Hi.
I’m new to VPN and was glad that ZeroTier was very easy to install and use. I connected several Windows PCs without any problem. But when I tried to connect to my Raspberry, every connection is rejected.
I found out, that the firewall (iptables) blocks the connection to the VPN. “zerotier-cli info” shows me OFFLINE, as soon as I start the iptables rules. I attached rules at the beginning of the chain to accept every incoming and outgoing connection from the IP range of the VPN(10.147.x.0). And I accept every connection from the virtual ZT interface.
But in the end every attempt to connect runs though the chain and is rejected. I read several HowTos, but they are all regarding the forwarding of communication and using the Raspberry as a kind of gateway.
But I just want to establish a connection to the Raspberry like to a normal computer. Any ideas?
Welcome.

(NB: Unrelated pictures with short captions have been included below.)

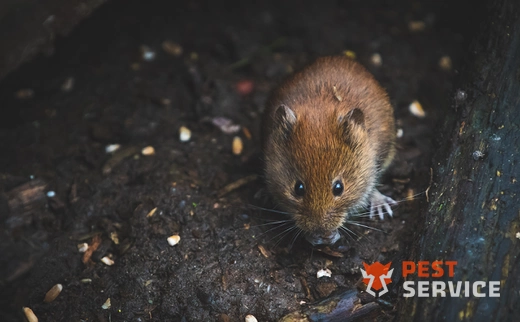 Дератизация в Алматы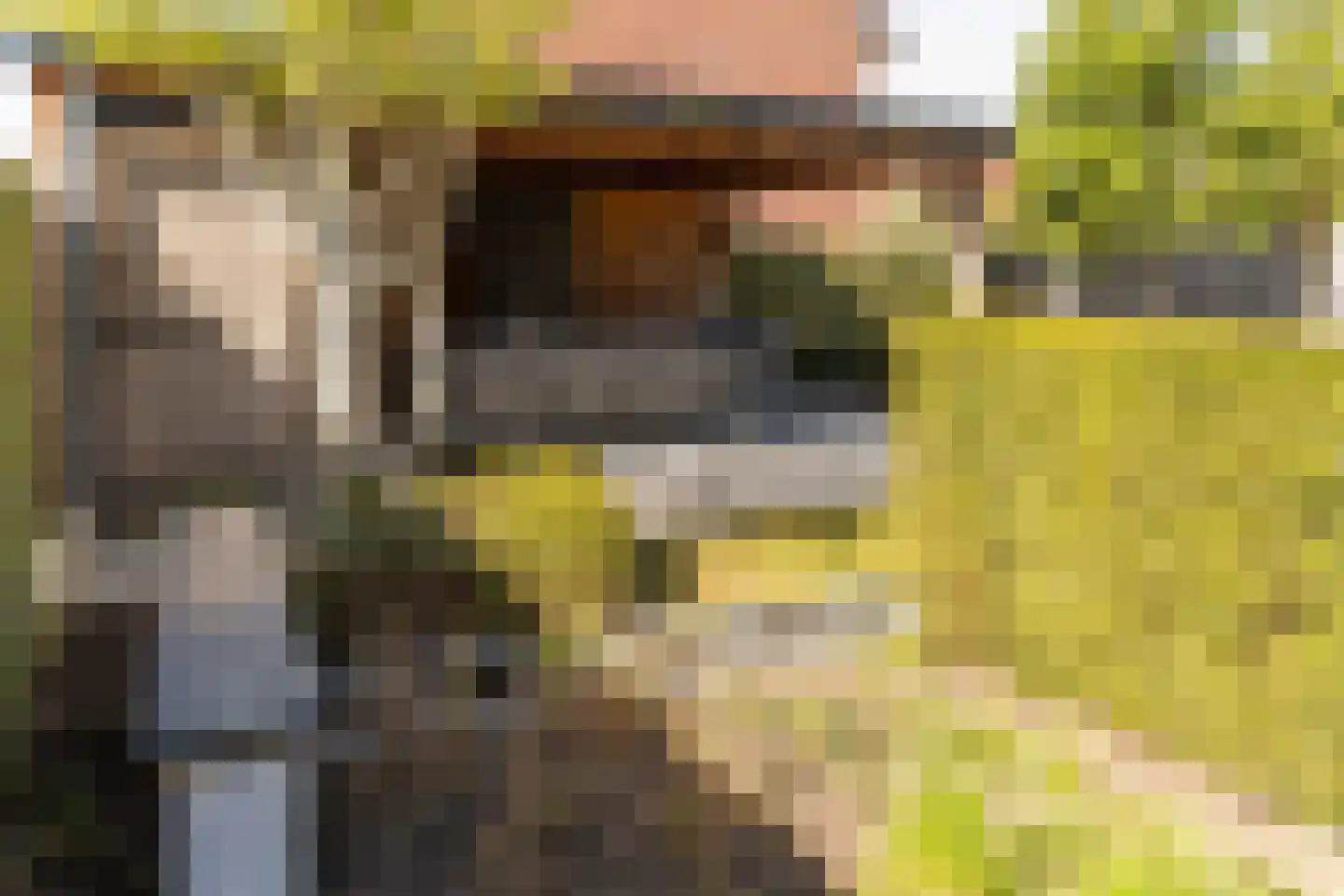 Burgemeester Jhr G A van Nispenstraat 10 Kesteren thumbnail 40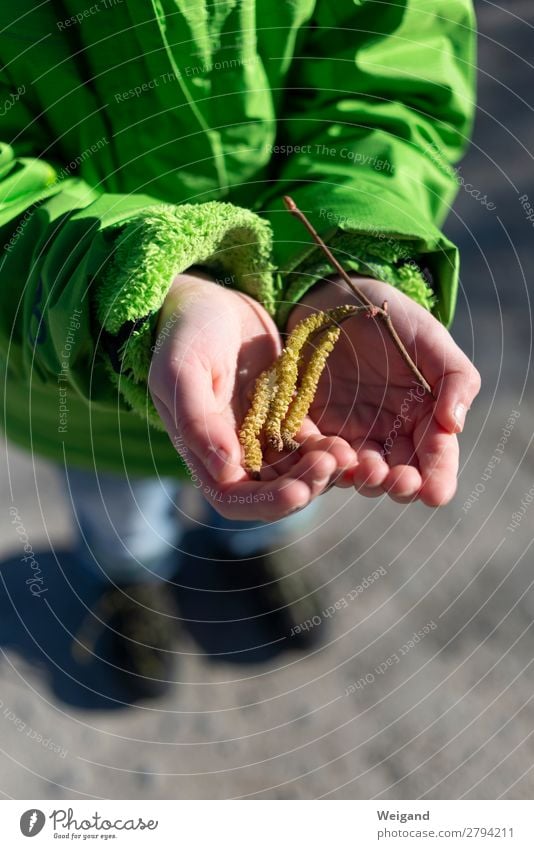 Haselnuss Kindererziehung Kindergarten Kleinkind Mädchen 3-8 Jahre Kindheit genießen stehen Neugier grün Selbstlosigkeit Menschlichkeit Solidarität Allergie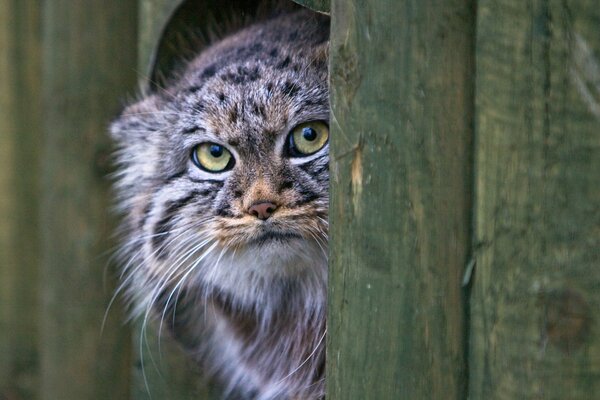 The look of a frightened manul from a hole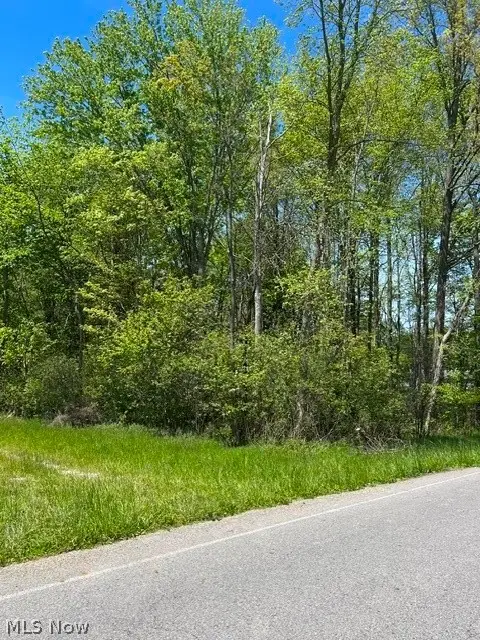8086 S Raccoon Road, Canfield, OH 44406 - #3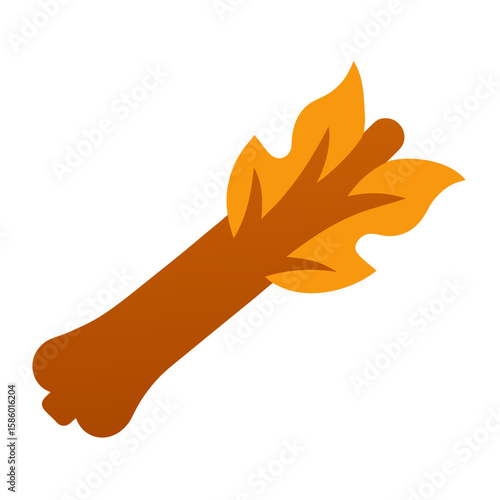 feather isolated on white background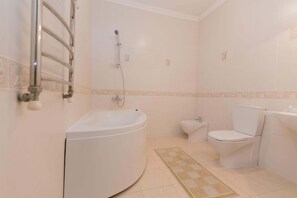 Bathtub, hair dryer, bidet, towels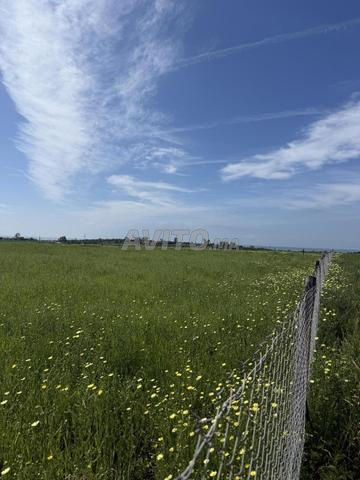 Terrain 10000 m² à vendre avec vue panoramique sur mer à El Jadida — Photo 13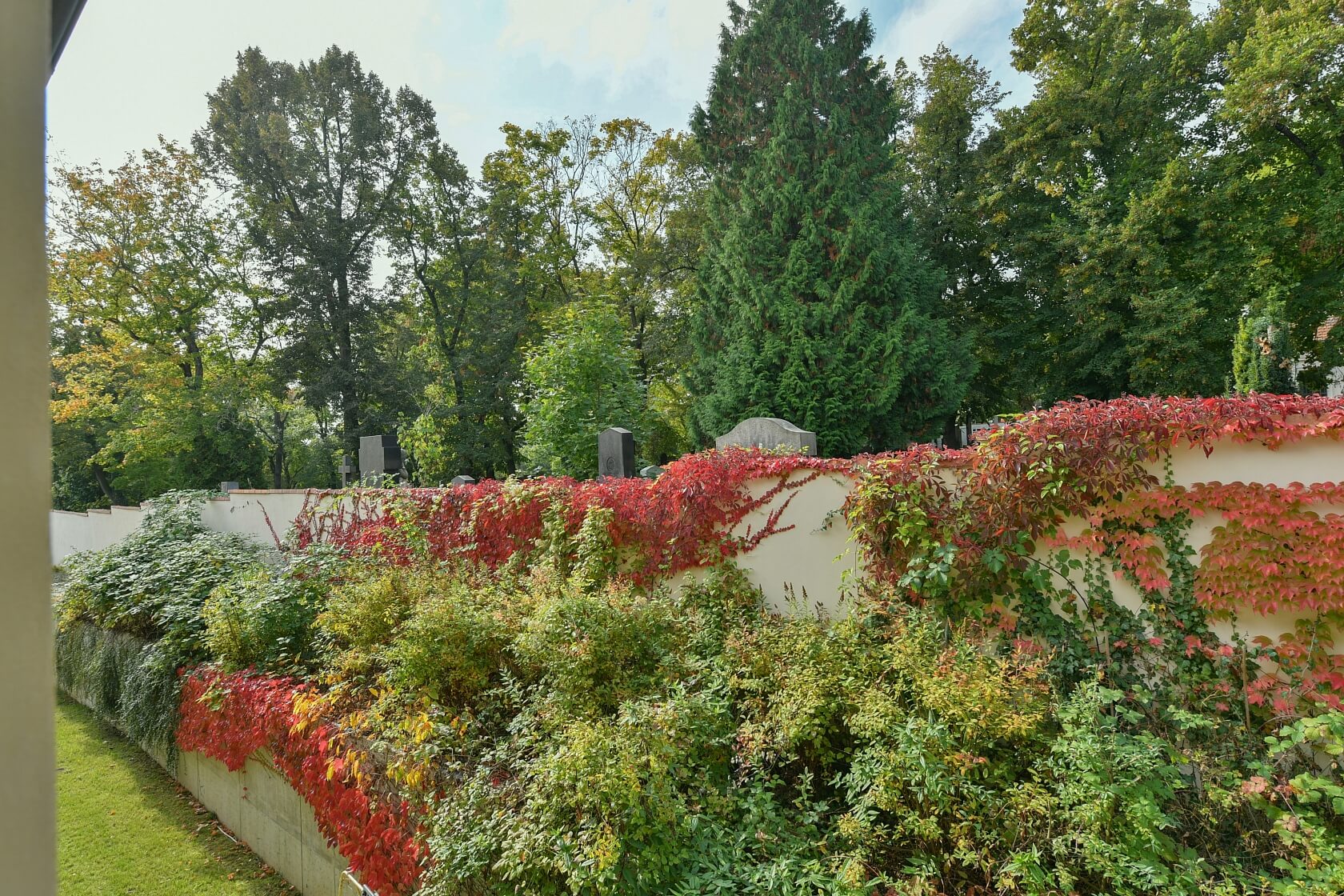 U Matěje, Dejvice - Prague 6 | Rent, Apartment Two-bedroom (3+kk), 78 m²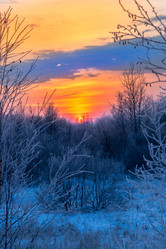 Similar image 15915548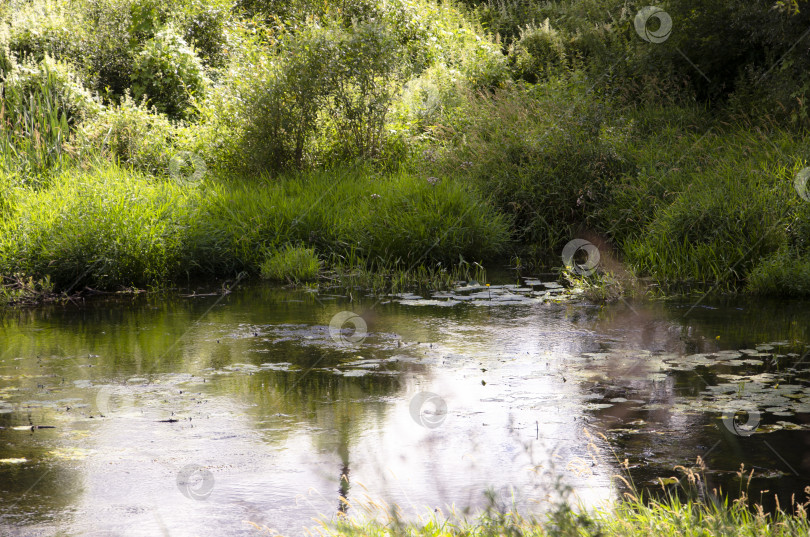 Скачать Речной пейзаж с зеленой травой и отражениями деревьев в воде. фотосток Ozero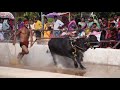 kambala ....the game of tulunadu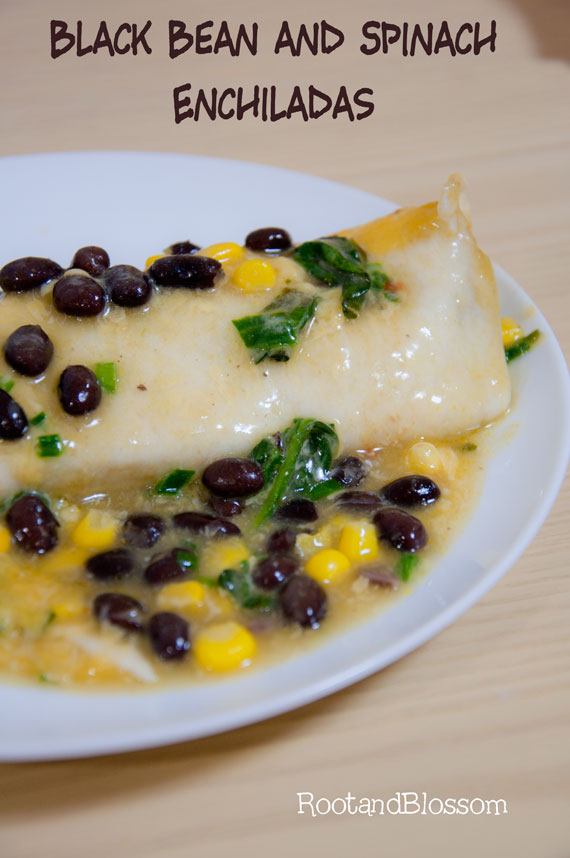 Rootandblossom Black Bean and Spinach Enchiladas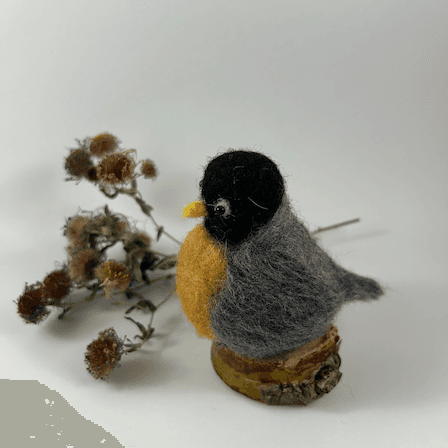 A needle-felted American Robin sits on a half inch section of a branch faces towards the left in profile. A dried spray of New England aster lies behind it. Its head is black, its back, wings and tails are grey. Its rusty-orange breast is very round, its wings, tail and back grey, its head black.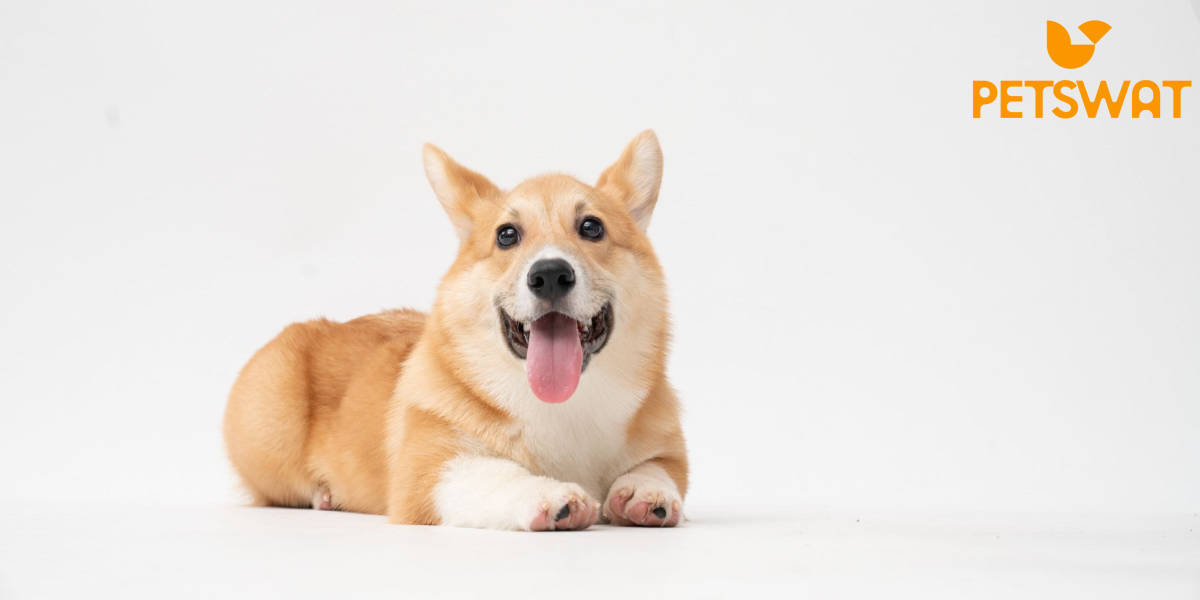 How Much is a Corgi Puppy? The Cost of Cuteness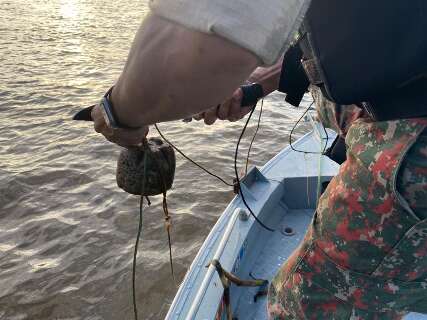 Pescador é multado em R$ 1 mil por pesca ilegal no Rio Paraná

Post your rules if you like: iptables-save
You basically need all outgoing udp ports allowed, and 9993 udp in.
For the outgoing, you might be able to get the “owner” module of iptables to work. The installer creates a zerotier-one user on the system in most cases.
iptables -A OUTPUT -m owner --uid-owner 998 -j ACCEPT
Make sure your zerotier interfaces are allowed to talk too:
I reconstructed my iptables completely new and from the beginning.
My last config was enabling all IP addresses individually (e.g 192.168.0.55/32), also the VPN IPs. Now I opened the complete range (192.168.0.0/24 and 10.147.x.0/24).
There were some rules at the beginning I didn’t understand (:INPUT - [0:0]). I used a configuration app some years ago, and I think, there were some errors. I don’t know the meaning of the minus after INPUT.
Now I have default policies DROP and added chains for acceptance of x.x.x.0/24, the port 9993 and the virtual interface.
I’m having the exact same issues with Zerotier on my RPi 3 over eth0 (192.168.1.7::192.168.1.1:255.255.255.0)
I’m completely lost with iptables, but can tell you that it’s bone-stock from the latest RPi-OS image (2021-01-11-raspios-buster-armhf)
I’ve been using the official Bridge your ZeroTier and local network with a RaspberryPi guide.
My zt user info is as follows: zerotier-one:x:999:995::/var/lib/zerotier-one:/bin/bash
Would anyone mind helping me with the commands to type, in order to achieve @Lalle75 's fix?
This is what I use, 2 commands, all traffic allowed in on zerotier NIC
iptables -I INPUT -i zt3jnzbdh7 -j ACCEPT
Use conntrack. this means that any allowed outbound connection attempt will be allowed to come back in. Other wise you have to open a bunch of ports and that sucks.
iptables -I INPUT -m conntrack --ctstate RELATED,ESTABLISHED -j ACCEPT
it looks like -A INPUT -p udp -j DROP is dropping all UDP
so -A INPUT -m state --state RELATED,ESTABLISHED -j ACCEPT isn’t checked.
As a packet traverses a chain, each rule in turn is examined. If a rule does not match the packet, the packet is passed to the next rule. If a rule does match the packet, the rule takes the action indicated by the target/verdict, which may result in the packet being allowed to continue along the chain or may not
The packet continues to traverse the chain until either
1. a rule matches the packet and decides the ultimate fate of the packet, for example by calling one of the `ACCEPT` or `DROP`, or a module returning such an ultimate fate; or
2. a rule calls the `RETURN` verdict, in which case processing returns to the calling chain; or
3. the end of the chain is reached; traversal either continues in the parent chain (as if `RETURN` was used), or the base chain policy, which is an ultimate fate, is used.